**What is needed:** Set down exactly the lines below between the line holding "The 33 Best" and the line holding "ID intern: CP3174550", inclusive; no other line belongs in the answer.

**Extracted entries:**
###

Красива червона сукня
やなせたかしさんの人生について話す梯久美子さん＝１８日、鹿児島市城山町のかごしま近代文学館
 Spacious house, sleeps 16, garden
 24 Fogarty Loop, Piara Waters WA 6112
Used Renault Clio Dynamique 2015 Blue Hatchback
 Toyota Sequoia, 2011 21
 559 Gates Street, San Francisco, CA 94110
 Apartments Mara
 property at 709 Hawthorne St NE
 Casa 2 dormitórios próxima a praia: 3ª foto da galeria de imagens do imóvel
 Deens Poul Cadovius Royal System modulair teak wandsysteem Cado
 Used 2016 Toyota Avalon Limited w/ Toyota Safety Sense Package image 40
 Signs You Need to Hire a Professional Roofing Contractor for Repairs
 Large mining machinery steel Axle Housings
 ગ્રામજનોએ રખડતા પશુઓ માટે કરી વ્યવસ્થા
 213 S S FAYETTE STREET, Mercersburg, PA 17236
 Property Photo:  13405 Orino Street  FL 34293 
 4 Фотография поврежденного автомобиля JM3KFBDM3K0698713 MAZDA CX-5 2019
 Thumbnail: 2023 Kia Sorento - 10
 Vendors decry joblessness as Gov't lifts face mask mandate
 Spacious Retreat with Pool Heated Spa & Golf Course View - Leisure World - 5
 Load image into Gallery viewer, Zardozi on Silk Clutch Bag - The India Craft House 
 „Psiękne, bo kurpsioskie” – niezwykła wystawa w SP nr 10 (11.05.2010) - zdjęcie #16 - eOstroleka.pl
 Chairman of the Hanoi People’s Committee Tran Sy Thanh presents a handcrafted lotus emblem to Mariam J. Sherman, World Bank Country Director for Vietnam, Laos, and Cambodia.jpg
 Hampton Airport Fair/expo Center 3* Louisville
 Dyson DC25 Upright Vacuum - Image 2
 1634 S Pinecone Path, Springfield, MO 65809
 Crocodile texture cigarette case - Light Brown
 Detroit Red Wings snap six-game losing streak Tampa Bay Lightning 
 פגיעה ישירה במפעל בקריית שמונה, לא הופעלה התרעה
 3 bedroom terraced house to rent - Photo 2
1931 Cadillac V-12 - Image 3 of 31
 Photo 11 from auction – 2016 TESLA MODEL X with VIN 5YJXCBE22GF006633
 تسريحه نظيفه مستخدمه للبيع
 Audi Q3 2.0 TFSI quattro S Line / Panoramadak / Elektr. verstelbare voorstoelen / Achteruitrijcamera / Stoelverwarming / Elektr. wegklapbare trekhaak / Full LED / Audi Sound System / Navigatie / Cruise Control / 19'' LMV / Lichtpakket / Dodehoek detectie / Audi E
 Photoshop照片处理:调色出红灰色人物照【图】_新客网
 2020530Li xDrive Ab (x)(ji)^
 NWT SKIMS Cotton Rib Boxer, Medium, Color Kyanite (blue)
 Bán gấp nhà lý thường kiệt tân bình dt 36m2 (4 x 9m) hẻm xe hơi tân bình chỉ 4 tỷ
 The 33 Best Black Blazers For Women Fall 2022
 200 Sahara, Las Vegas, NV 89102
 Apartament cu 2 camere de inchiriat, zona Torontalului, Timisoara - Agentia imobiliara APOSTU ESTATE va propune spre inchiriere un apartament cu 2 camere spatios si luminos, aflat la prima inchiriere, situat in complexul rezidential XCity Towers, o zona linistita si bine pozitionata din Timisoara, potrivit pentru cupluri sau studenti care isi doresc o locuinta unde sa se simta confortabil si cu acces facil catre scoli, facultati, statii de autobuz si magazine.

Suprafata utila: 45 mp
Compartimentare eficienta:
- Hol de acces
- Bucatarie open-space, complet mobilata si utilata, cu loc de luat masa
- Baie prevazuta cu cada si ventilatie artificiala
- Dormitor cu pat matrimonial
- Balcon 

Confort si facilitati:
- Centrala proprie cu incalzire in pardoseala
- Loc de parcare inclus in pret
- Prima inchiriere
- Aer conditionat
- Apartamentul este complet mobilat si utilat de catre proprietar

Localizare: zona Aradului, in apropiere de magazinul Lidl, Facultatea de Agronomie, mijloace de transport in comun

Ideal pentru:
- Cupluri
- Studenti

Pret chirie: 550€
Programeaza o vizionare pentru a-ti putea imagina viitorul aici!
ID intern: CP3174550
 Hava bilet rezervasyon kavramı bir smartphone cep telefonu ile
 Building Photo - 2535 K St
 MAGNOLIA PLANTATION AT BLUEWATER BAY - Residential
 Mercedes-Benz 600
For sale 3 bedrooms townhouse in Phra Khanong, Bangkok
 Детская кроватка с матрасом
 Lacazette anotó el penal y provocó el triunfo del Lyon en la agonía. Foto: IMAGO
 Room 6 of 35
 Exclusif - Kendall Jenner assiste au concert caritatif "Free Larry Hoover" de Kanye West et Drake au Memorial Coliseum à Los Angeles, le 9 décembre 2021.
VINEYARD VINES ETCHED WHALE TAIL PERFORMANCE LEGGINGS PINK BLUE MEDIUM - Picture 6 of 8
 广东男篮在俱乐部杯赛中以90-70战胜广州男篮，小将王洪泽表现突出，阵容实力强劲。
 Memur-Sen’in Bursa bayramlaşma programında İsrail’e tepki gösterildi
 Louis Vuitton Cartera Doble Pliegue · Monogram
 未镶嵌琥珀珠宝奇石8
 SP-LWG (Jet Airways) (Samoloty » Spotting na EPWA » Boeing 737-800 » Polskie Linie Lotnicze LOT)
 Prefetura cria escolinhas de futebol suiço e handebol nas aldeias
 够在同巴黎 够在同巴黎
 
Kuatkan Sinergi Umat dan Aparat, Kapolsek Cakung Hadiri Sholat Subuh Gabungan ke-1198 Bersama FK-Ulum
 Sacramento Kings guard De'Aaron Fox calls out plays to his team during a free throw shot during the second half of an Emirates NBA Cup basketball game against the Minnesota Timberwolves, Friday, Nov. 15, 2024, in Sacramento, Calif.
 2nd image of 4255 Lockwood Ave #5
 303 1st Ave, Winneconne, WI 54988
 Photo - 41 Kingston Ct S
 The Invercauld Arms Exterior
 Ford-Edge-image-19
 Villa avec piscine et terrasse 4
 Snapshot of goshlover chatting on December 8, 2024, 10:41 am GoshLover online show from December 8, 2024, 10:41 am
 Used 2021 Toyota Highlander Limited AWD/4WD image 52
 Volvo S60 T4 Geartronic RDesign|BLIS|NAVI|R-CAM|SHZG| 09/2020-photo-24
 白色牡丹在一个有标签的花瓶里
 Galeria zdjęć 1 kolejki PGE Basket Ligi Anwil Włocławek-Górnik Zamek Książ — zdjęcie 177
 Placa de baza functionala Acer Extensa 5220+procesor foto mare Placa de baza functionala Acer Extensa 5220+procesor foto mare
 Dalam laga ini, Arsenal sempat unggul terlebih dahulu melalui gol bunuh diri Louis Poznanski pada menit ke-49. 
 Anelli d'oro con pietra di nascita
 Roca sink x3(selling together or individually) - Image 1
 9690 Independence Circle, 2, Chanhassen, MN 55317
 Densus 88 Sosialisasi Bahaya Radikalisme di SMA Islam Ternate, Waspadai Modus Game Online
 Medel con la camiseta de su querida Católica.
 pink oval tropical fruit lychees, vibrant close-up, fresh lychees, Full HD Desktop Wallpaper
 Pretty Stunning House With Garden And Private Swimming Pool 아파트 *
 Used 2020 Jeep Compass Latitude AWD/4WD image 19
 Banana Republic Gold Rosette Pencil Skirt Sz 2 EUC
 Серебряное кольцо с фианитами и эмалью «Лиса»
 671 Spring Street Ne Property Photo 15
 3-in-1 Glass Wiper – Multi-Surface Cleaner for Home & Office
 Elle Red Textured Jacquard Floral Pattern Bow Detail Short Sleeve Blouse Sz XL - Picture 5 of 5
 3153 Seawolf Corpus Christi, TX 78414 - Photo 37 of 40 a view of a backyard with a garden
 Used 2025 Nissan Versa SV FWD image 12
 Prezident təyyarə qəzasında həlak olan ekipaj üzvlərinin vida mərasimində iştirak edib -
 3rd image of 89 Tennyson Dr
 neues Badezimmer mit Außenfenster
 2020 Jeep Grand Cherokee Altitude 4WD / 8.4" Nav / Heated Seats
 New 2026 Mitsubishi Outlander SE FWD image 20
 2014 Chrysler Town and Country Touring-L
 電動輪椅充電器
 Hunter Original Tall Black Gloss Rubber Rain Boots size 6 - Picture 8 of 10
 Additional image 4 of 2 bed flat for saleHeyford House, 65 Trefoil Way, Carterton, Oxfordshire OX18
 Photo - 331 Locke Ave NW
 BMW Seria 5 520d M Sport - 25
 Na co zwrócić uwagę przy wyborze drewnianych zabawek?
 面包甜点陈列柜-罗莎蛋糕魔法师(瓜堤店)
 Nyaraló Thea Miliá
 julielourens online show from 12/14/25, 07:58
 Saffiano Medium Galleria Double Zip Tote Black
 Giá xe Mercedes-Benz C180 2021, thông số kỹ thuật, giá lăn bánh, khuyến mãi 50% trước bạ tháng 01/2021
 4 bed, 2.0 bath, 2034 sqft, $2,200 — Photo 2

###

**Solution to the problem:**
 The 33 Best Black Blazers For Women Fall 2022
 200 Sahara, Las Vegas, NV 89102
 Apartament cu 2 camere de inchiriat, zona Torontalului, Timisoara - Agentia imobiliara APOSTU ESTATE va propune spre inchiriere un apartament cu 2 camere spatios si luminos, aflat la prima inchiriere, situat in complexul rezidential XCity Towers, o zona linistita si bine pozitionata din Timisoara, potrivit pentru cupluri sau studenti care isi doresc o locuinta unde sa se simta confortabil si cu acces facil catre scoli, facultati, statii de autobuz si magazine.

Suprafata utila: 45 mp
Compartimentare eficienta:
- Hol de acces
- Bucatarie open-space, complet mobilata si utilata, cu loc de luat masa
- Baie prevazuta cu cada si ventilatie artificiala
- Dormitor cu pat matrimonial
- Balcon 

Confort si facilitati:
- Centrala proprie cu incalzire in pardoseala
- Loc de parcare inclus in pret
- Prima inchiriere
- Aer conditionat
- Apartamentul este complet mobilat si utilat de catre proprietar

Localizare: zona Aradului, in apropiere de magazinul Lidl, Facultatea de Agronomie, mijloace de transport in comun

Ideal pentru:
- Cupluri
- Studenti

Pret chirie: 550€
Programeaza o vizionare pentru a-ti putea imagina viitorul aici!
ID intern: CP3174550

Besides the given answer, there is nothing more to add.